= Material provided =
=======

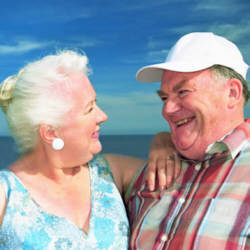 Foto principal do tema 4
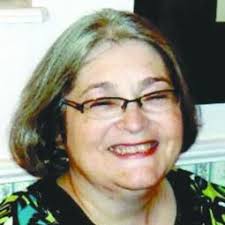 Deborah Norman Obituary (1954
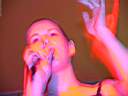 Soulmates_030406_24.jpg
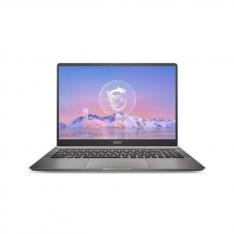 Portatil msi b13vfto - 207es i9 - 13950hx 64gb ssd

=======

= Task directions =
Reproduce the entire listing exactly, but omit any pictures.

= Answer section =
 Foto principal do tema 4
 Deborah Norman Obituary (1954
 Soulmates_030406_24.jpg
 Portatil msi b13vfto - 207es i9 - 13950hx 64gb ssd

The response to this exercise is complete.